周明旺1，李盛華1，鄧昶2，付志斌1，吉星1，陳彥同2，胡星榮2，劉一飛2，王鵬志2，趙秋玥2

1.甘肅省中醫院，甘肅 蘭州 730050；2.甘肅中醫藥大學中醫臨床學院，甘肅 蘭州 730000

篩選血瘀質、非血瘀質非創傷性股骨頭壞死（NONFH）患者與健康人外周血中差異表達的miRNA，建立miRNA表達譜，分析其生物學信息，為血瘀質NONFH的防治提供依據。選取血瘀質、非血瘀質NONFH患者各10例（NONFH組）和健康志愿者8例（正常組），采用RT-PCR檢測其血漿miRNA相對表達量，篩選差異表達的miRNA。應用實時熒光定量PCR對差異表達的hsa-miR-365a-3p、hsa-miR-483-3p進行驗證。采用TargetScan、microRNAorg、PITA在線數據庫對差異miRNA進行靶基因預測，并進行靶基因生物信息學分析。
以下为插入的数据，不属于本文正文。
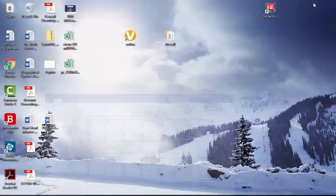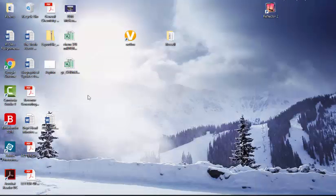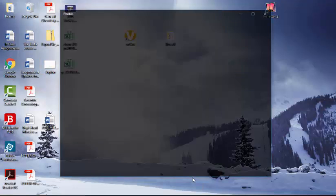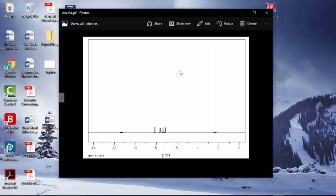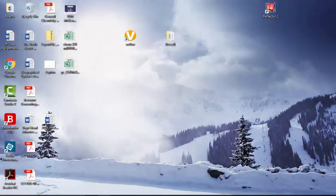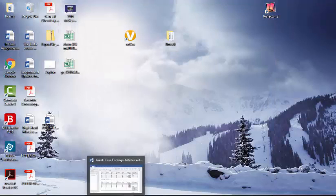And if you go back to your desktop and find it, you'll see that it opens here. So this is the H1 or the proton NMR for aspirin.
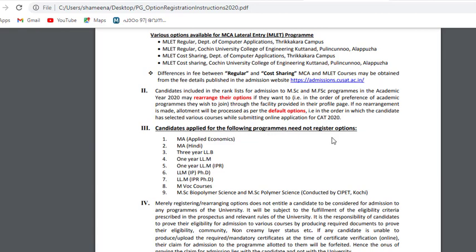Candidates for the following programs need not register options. These are: MA Applied Economics, MA Hindi, 3-year LLB, 1-year LLM, 1-year LLM IPR, LLM IP PhD, LLM IPR PhD, MO courses, MSc Biopolymer Science, and MSc Polymer Science.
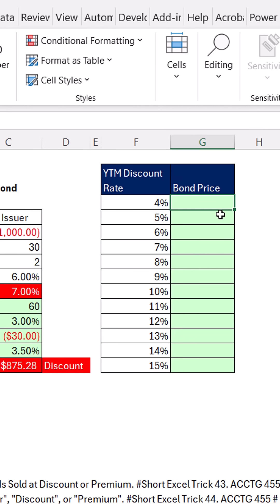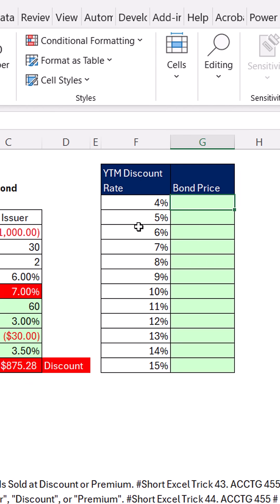I need a formula to spill bond price based on various YTMs. I want to know the relationship between YTM, the discount rate — that's what we use when we price a bond — and the actual bond price.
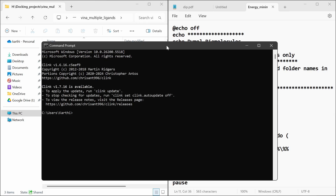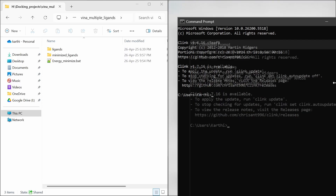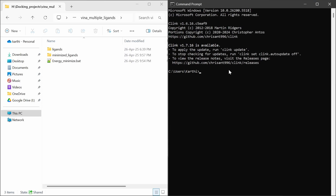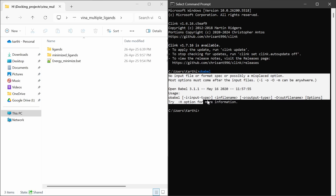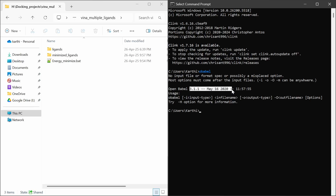For this to work, you have to install Open Babel. Whether Open Babel is installed or not, you can check by running the command 'obabel'. The version I have installed is 3.1.1. If you don't have Open Babel installed, this will not work.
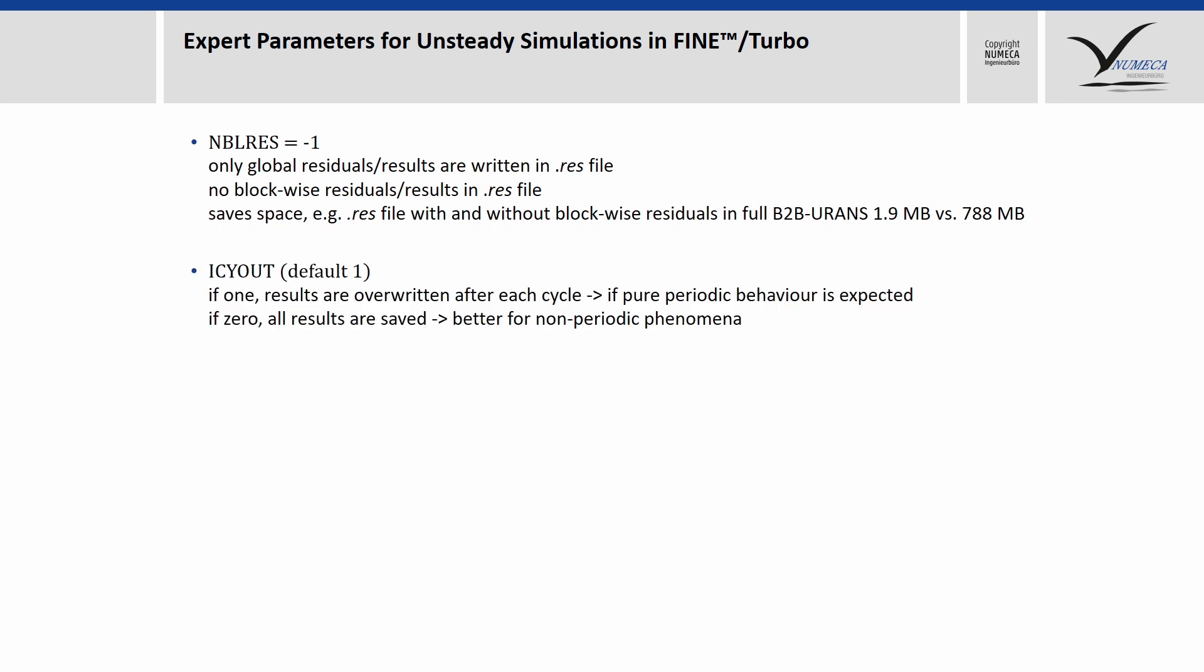Then, we have ICOUT. That parameter defines if the unsteady results are overwritten each time a period, which means in that case here either the 360 degrees or the 60 degrees for a domain scaling approach, if that period is overwritten each time or if a continuous time result is written out. If you have 6 periods computed, then with ICOUT 0, all the results are saved. And if you have ICOUT 1, then only the last period of that is saved. In the end, it depends on what you want to investigate if a periodic behavior is expected, or a non-periodic phenomena is to be investigated.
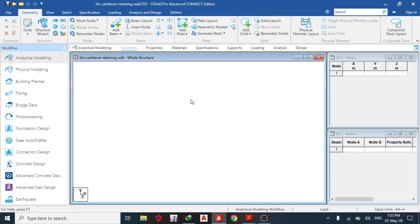Good day guys, welcome to today's lesson on STAAD Pro Connect Edition. Today we are going to be designing a 3-meter cantilever retaining wall. From the instructions, the height of the stem is 3 meters, the length of the toe is 1 meter, and the length of the heel is 3 meters.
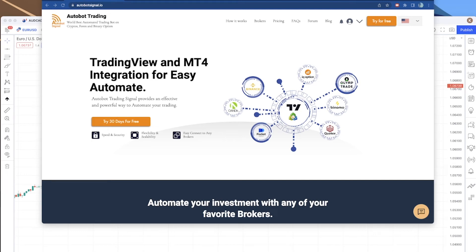In today's video I am going to show you how you can connect our Autobot trading signal to TradingView so that you can receive any alert from TradingView and then execute that alert automatically into any broker of your choice, especially on binary option brokers. So without further ado, let's jump in.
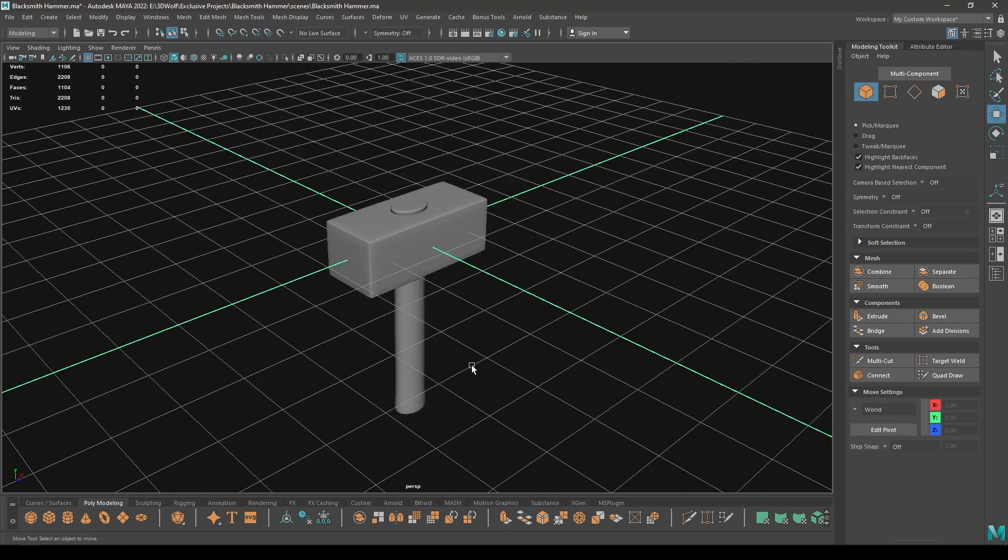So we have exported our base mesh from Maya and we are going to import it in ZBrush to sculpt. So that's it for this part, and in the next video we are going to add some detailing and sculpt this model in ZBrush.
與正常組比較，NONFH組有差異表達的miRNA 50個，其中上調21個，下調29個。與非血瘀質NONFH組比較，血瘀質NONFH組有差異表達的miRNA 33個，其中上調10個，下調23個。經篩選，最終確定血瘀質NONFH差異表達miRNA 5個。實時熒光定量PCR驗證結果與miRNA芯片結果相符。3個在線數據庫共篩選出交集靶基因11個，僅表達下調miRNA中hsa-miR-365a-3p檢出交集靶基因11個，余未檢測出交集靶基因。GO分析顯示，差異表達miRNA主要與受體結合、蛋白及酶的活性有關。Pathway分析顯示，血瘀質NONFH差異表達miRNA靶基因主要富集于軸突導向、Rap1、賴氨酸降解、Fc epsilon RI、甘油磷脂代謝、T細胞受體、血小板活化、成骨細胞分化等多個信號通路。血瘀質NONFH差異表達miRNA可能通過調控Rap1、賴氨酸降解、甘油磷脂代謝、血小板活化、成骨細胞分化、Ras、PI3K-Akt等信號通路參與NONFH發生發展過程。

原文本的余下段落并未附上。